- **Instructions for the task**:
Images are to be dropped, and the rest of the data reproduced exactly.

Data section Block Start

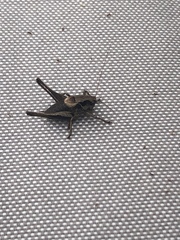 Pholidoptera griseoaptera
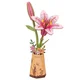 shumee Pink Lily DIY - Rože Robotime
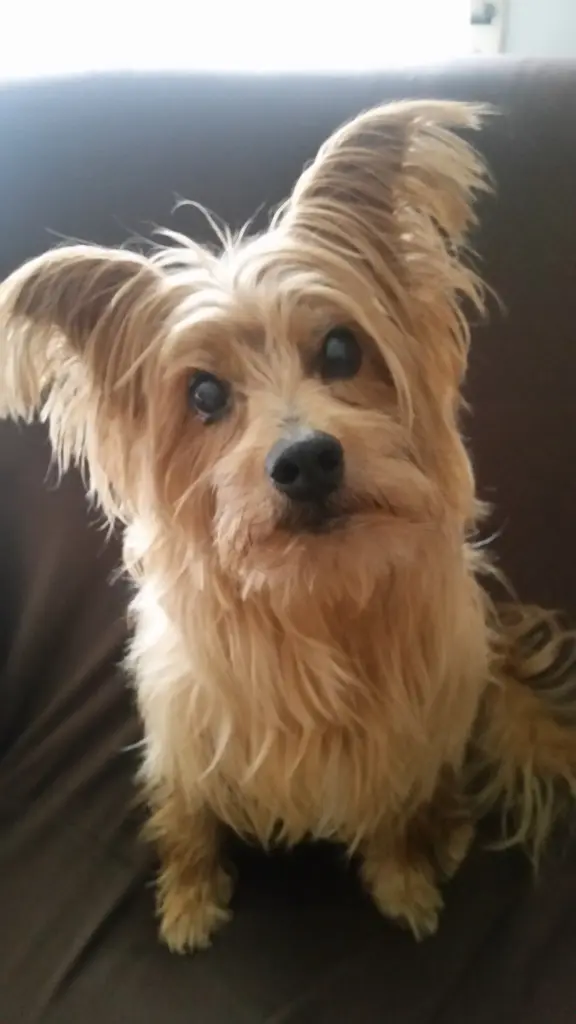 Image from Meiky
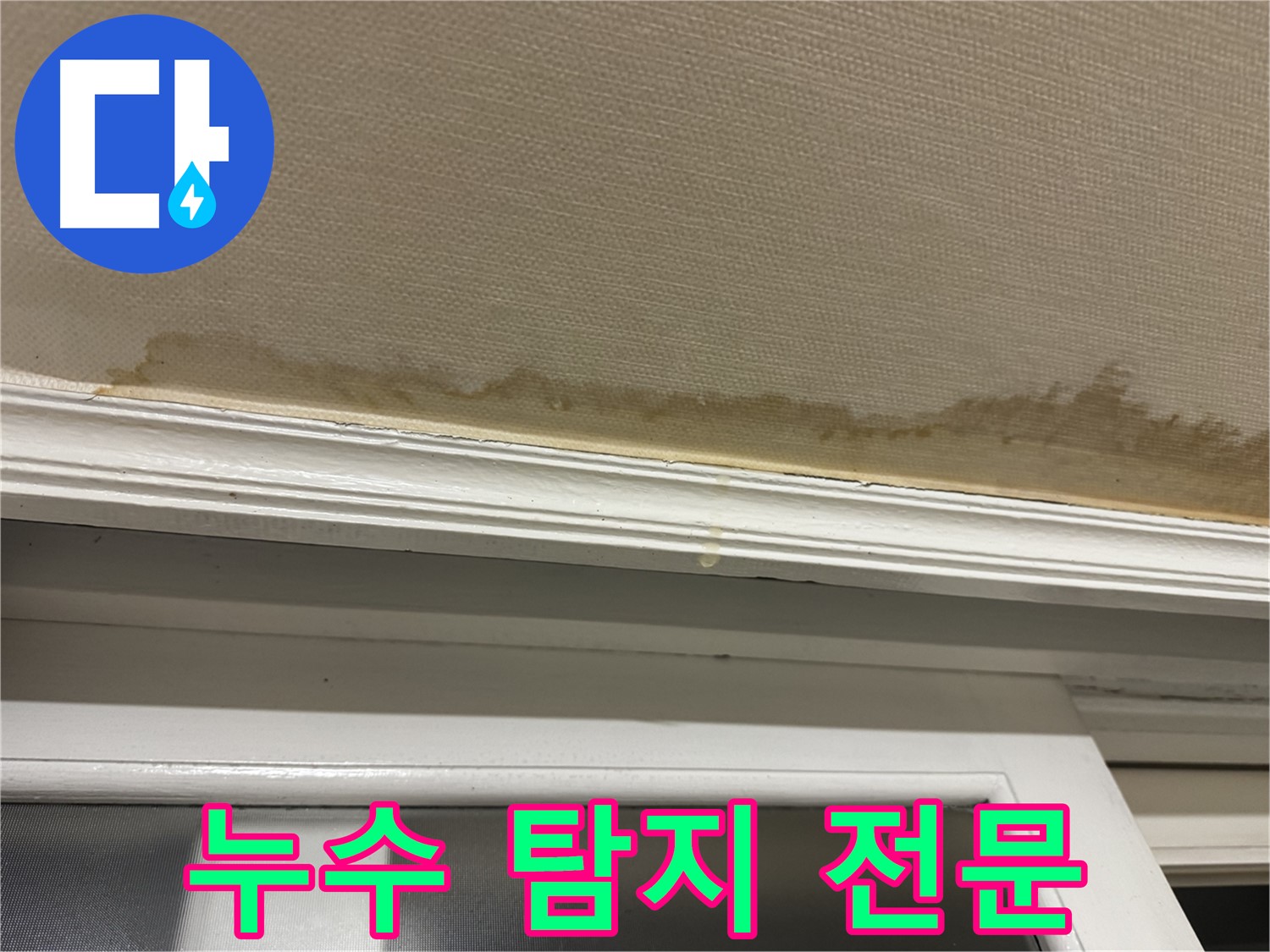 최첨단 장비를 이용한 누수 탐지 - 정확한 누수 지점 탐지를 약속하며 - 전문성을 강조합니다.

Data section Block End

- **Output of the task**:
 Pholidoptera griseoaptera
 shumee Pink Lily DIY - Rože Robotime
 Image from Meiky
 최첨단 장비를 이용한 누수 탐지 - 정확한 누수 지점 탐지를 약속하며 - 전문성을 강조합니다.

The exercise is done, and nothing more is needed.